— Data —
---*---
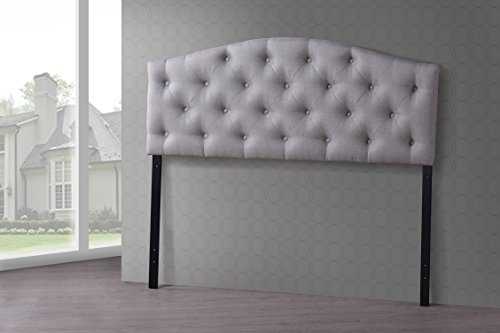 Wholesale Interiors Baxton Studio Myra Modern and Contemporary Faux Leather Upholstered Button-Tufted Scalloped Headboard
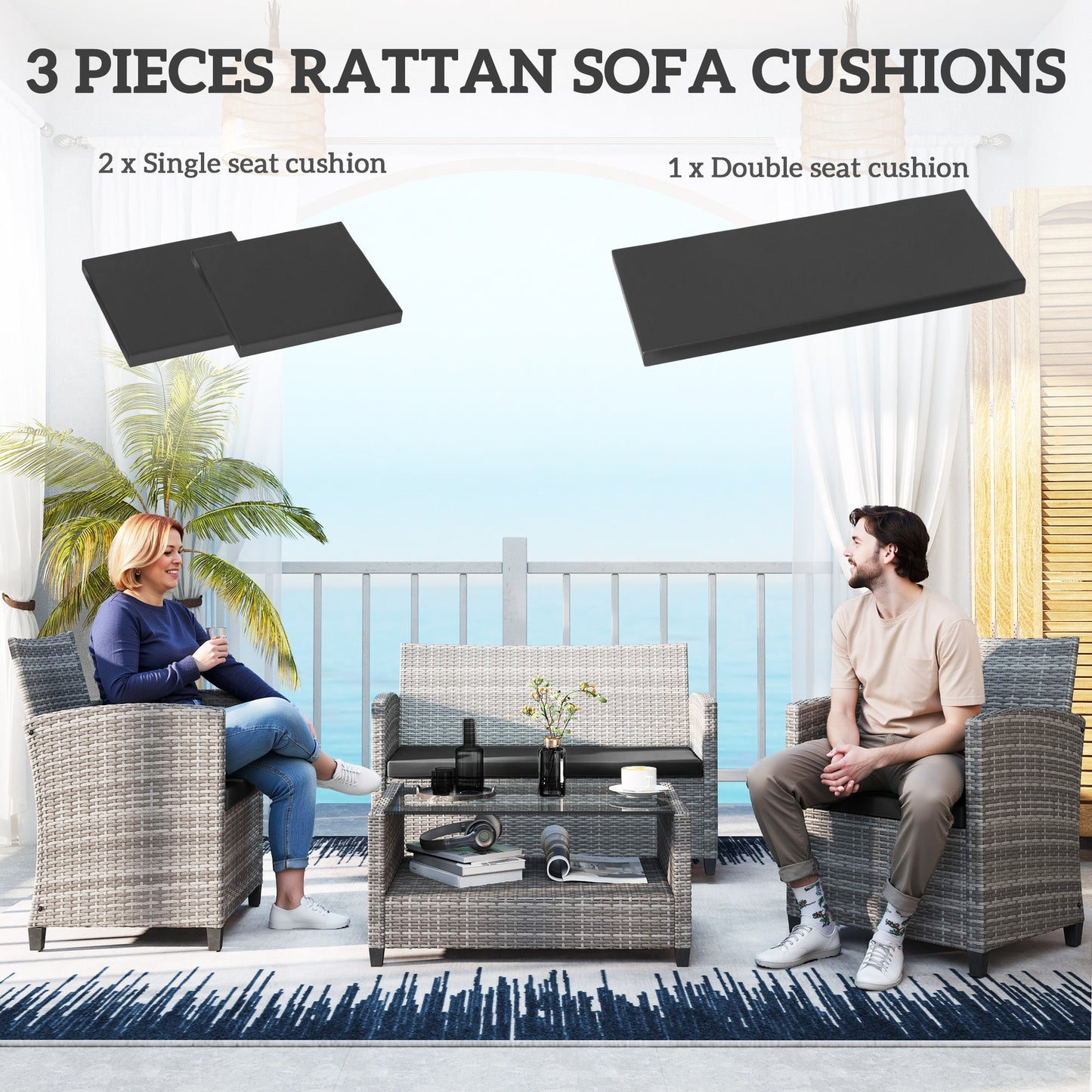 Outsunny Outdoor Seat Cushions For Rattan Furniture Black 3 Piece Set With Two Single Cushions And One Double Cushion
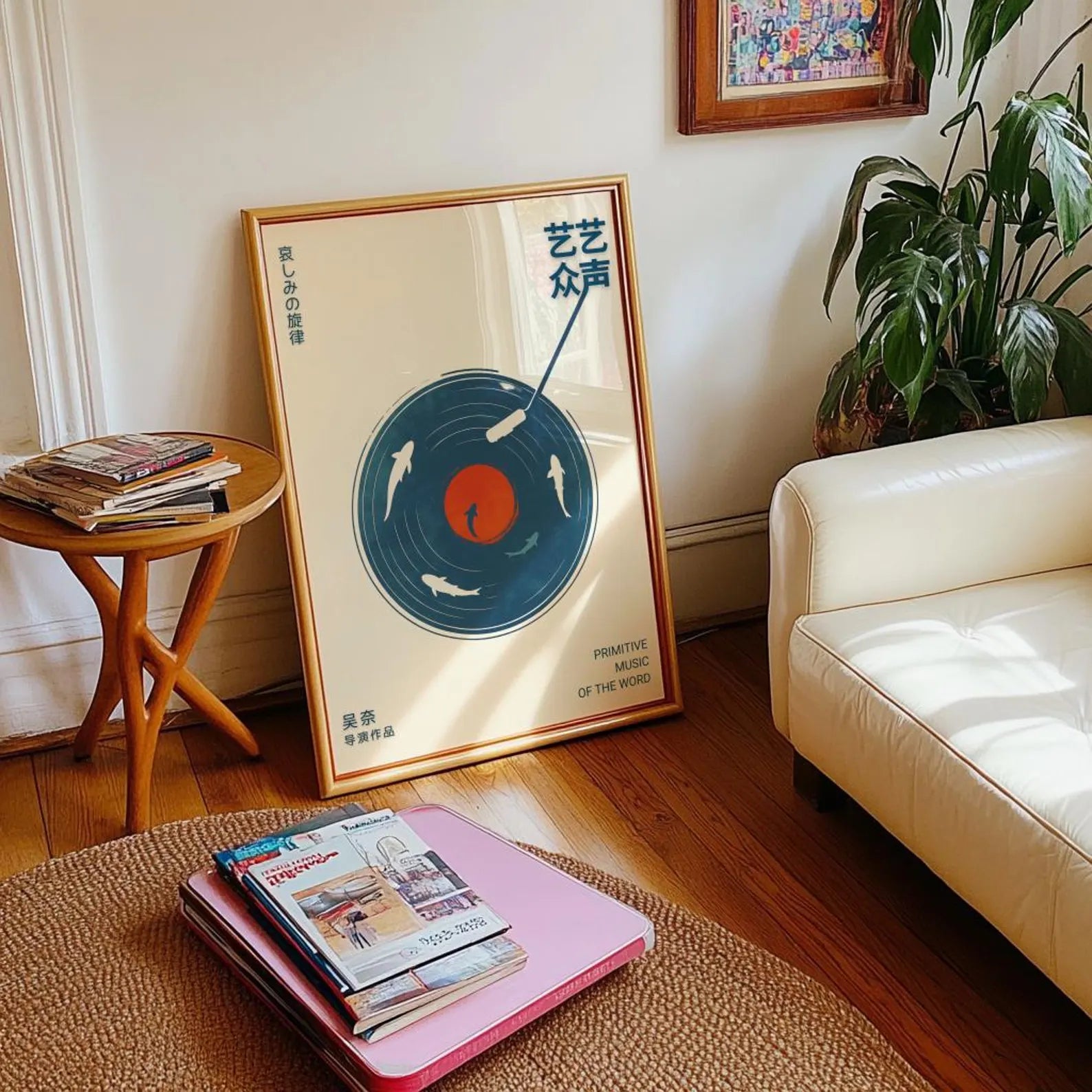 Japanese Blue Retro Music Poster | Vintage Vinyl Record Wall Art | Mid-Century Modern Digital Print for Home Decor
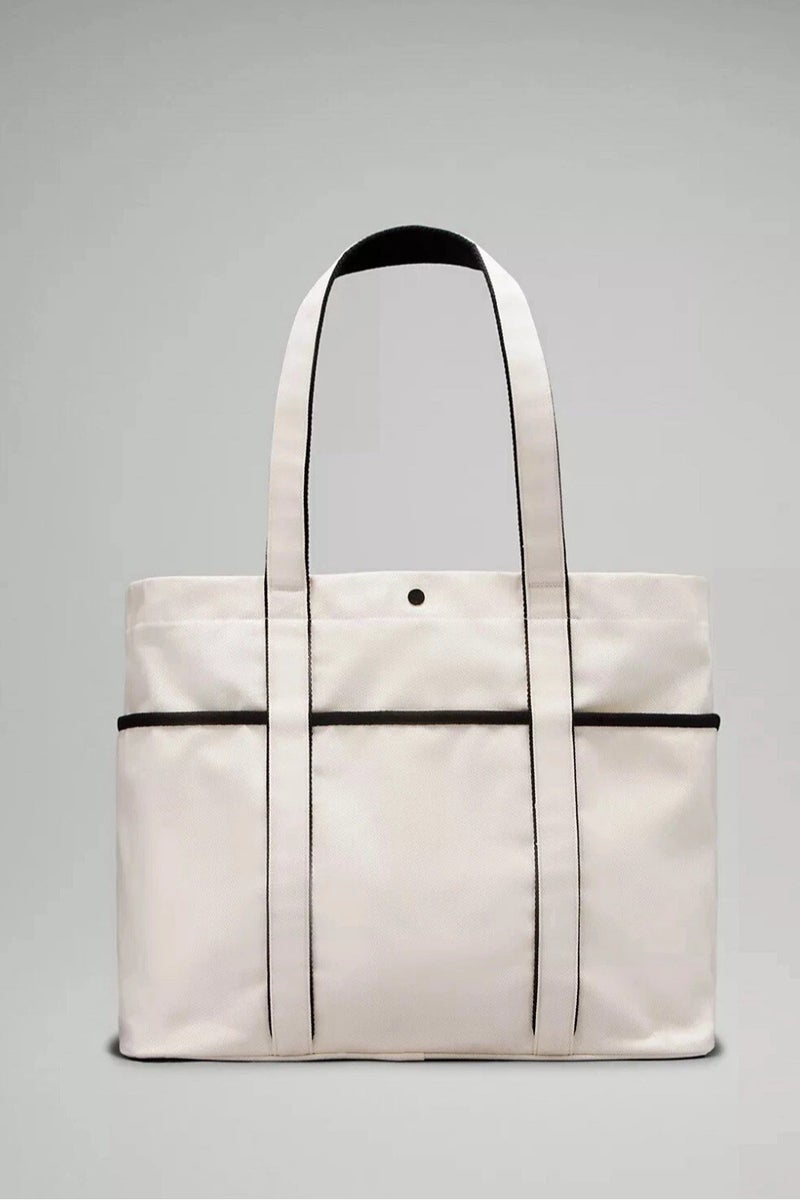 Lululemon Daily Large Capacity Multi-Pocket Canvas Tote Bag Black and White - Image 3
---*---
Repeat the material exactly, without images.

— Expected answer —
 Wholesale Interiors Baxton Studio Myra Modern and Contemporary Faux Leather Upholstered Button-Tufted Scalloped Headboard
 Outsunny Outdoor Seat Cushions For Rattan Furniture Black 3 Piece Set With Two Single Cushions And One Double Cushion
 Japanese Blue Retro Music Poster | Vintage Vinyl Record Wall Art | Mid-Century Modern Digital Print for Home Decor
 Lululemon Daily Large Capacity Multi-Pocket Canvas Tote Bag Black and White - Image 3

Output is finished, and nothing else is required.